I beg to move amendment 7, in page 14, line 13, leave out “consideration in money or money’s worth” and insert “pecuniary consideration”
This amends the definition of a premium so that only pecuniary consideration, rather than any consideration in money or money’s worth, is included.
Government amendment 7 makes a minor technical change to clarify the definition of “premium” used in the Bill. Members who are closely watching proceedings in the other place will know that the Government amended the Bill there to make it clear that it applied only to leases where a premium was paid. That was done to ensure that the legitimate practice of longer leases on a rack or market rent could continue. This amendment is a further clarification, again in response to concerns raised in the other place by the Earl of Lytton, about the impact that the newly added definition of a premium would have on properties with a “repairing covenant”. We are talking about a relatively small number of properties where a leaseholder agrees to take on the cost of repair works in a property. That could be, for example, for the renovation or upkeep of a home. As currently drafted, the definition risks inadvertently reducing the rack rent on such properties to a peppercorn. That is not, and never has been, the intention of this legislation. We are therefore removing the words “money or money’s worth” and substituting for them the words “pecuniary consideration”. “Pecuniary consideration” is of course a much more preferable phrase, as it is broadly any consideration sounding like or expressed in terms of money. This amendment will ensure that the Bill operates as intended.

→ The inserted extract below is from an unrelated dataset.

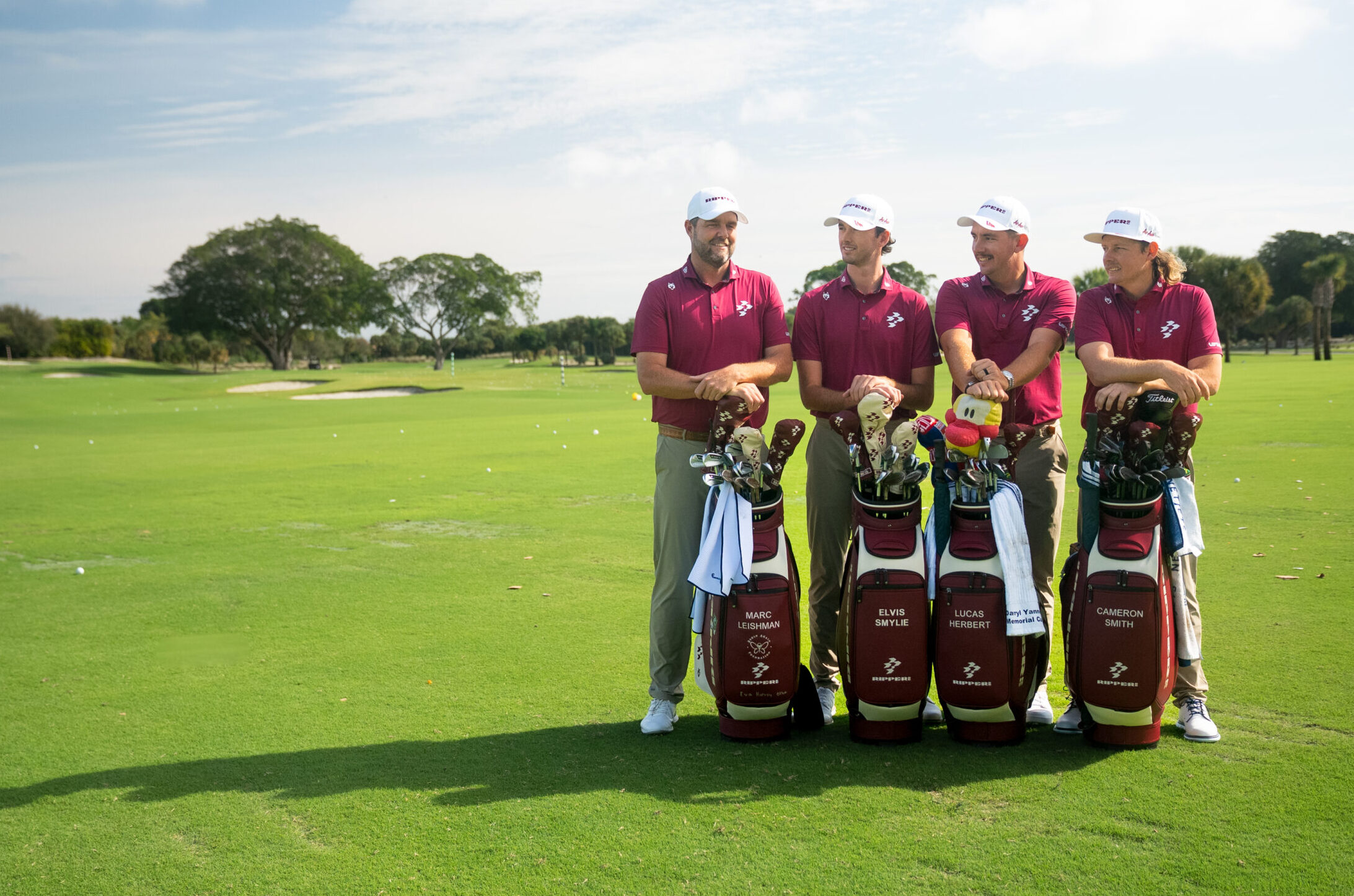 RIPPER GC SIGNS AUSTRALIAN RISING STAR ELVIS SMYLIE AHEAD OF 2026 LIV ...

Clause 23 defines key terms for the purposes of the Bill. For example, it defines “long lease” and “rent”. Only long leases are regulated by the Bill. A long lease is generally a lease granted for more than 21 years, although some other types of lease are also captured. These are leases for a term fixed by law under a grant with a covenant or obligation for perpetual renewal—that excludes a situation where the lease is a sublease from a lease that is not a long lease—and leases terminable after a death, marriage or civil partnership. In the Bill, “rent” includes
“anything in the nature of rent, whatever it is called.”
Clause 23 also signposts where other terms, such as “peppercorn rent” and “regulated lease”, are defined elsewhere in the legislation.

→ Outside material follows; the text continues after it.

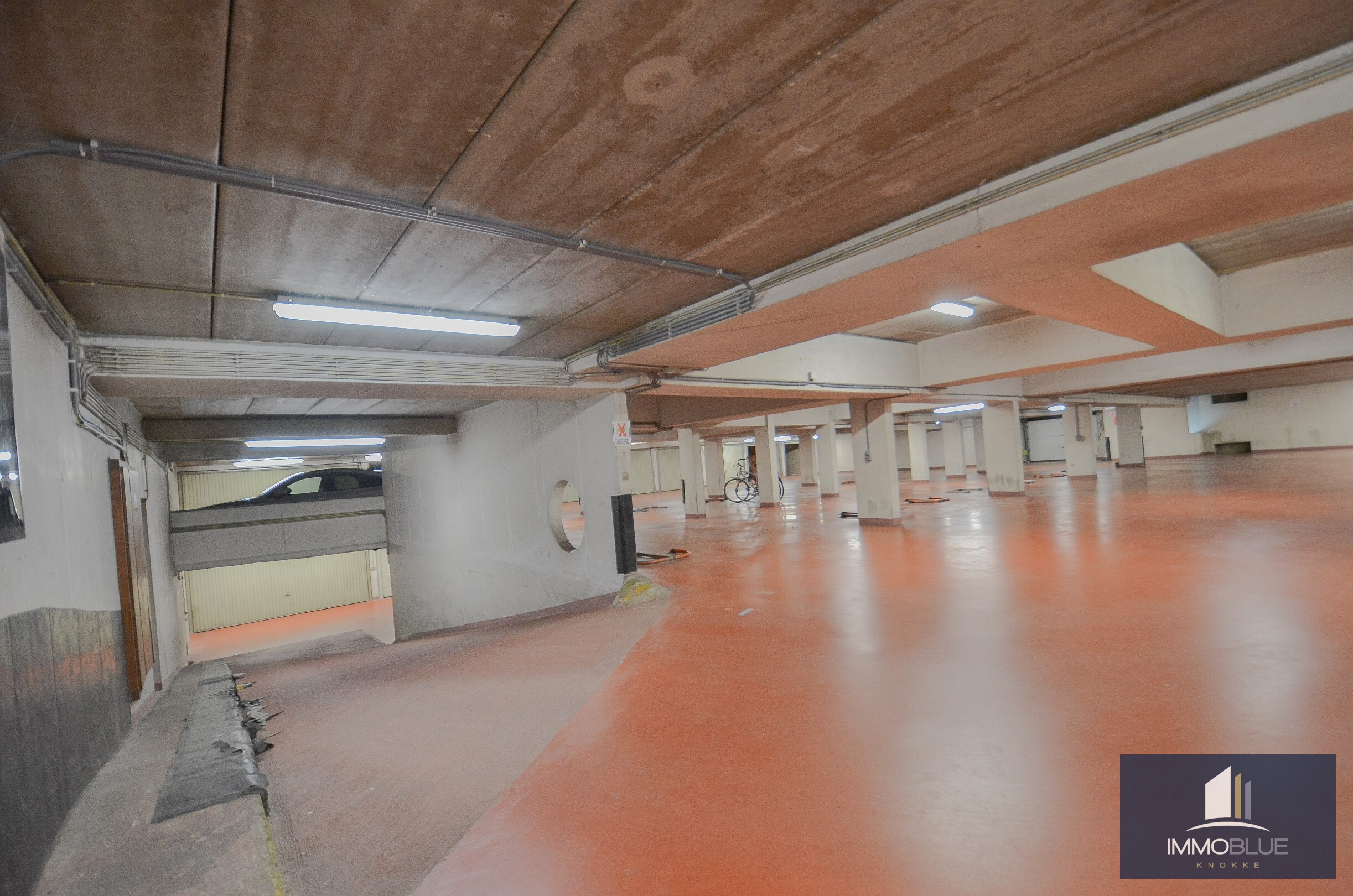 Garage a louer À Knokke-Heist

We have arrived at these definitions after careful consideration. They have been drafted with the intention of avoiding the creation of loopholes that could be exploited to get around the intention of the legislation. The fact that ground rent has not been specifically defined is a very conscious decision, and has been arrived at following a great deal of deliberation. Rent has been defined broadly, and in the way it has been, to ensure that it captures the nature of ground rent without being too specific and risking landlords reintroducing it by another name.
Changing these definitions risks undermining the intention of the legislation. We have, however, provided some further clarification to the definition of rent in response to issues raised in the other place. Specifically, clause 23(3) makes it clear that other legitimate charges—such as service charges, insurance and so on—that might be reserved as rent in a lease will not be reduced to a peppercorn under the legislation merely because they are reserved as rent in the lease.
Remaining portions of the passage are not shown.